» Given records
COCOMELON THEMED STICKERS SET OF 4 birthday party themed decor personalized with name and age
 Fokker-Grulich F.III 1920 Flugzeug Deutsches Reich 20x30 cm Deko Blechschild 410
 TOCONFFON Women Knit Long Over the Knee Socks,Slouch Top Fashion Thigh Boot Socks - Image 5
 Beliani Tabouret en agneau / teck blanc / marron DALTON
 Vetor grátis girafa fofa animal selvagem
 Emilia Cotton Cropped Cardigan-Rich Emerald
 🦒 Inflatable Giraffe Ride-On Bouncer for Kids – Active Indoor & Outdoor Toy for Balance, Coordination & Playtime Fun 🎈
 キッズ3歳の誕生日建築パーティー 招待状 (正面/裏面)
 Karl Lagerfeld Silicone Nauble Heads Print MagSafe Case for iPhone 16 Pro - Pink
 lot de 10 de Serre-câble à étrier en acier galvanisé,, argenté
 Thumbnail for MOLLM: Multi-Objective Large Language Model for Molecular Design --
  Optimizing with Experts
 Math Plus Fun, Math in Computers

» Problem
The line containing "Vetor grátis girafa fofa animal selvagem" marks where to begin; copy it and every later line exactly, through the end of the data.

» Your response
 Vetor grátis girafa fofa animal selvagem
 Emilia Cotton Cropped Cardigan-Rich Emerald
 🦒 Inflatable Giraffe Ride-On Bouncer for Kids – Active Indoor & Outdoor Toy for Balance, Coordination & Playtime Fun 🎈
 キッズ3歳の誕生日建築パーティー 招待状 (正面/裏面)
 Karl Lagerfeld Silicone Nauble Heads Print MagSafe Case for iPhone 16 Pro - Pink
 lot de 10 de Serre-câble à étrier en acier galvanisé,, argenté
 Thumbnail for MOLLM: Multi-Objective Large Language Model for Molecular Design --
  Optimizing with Experts
 Math Plus Fun, Math in Computers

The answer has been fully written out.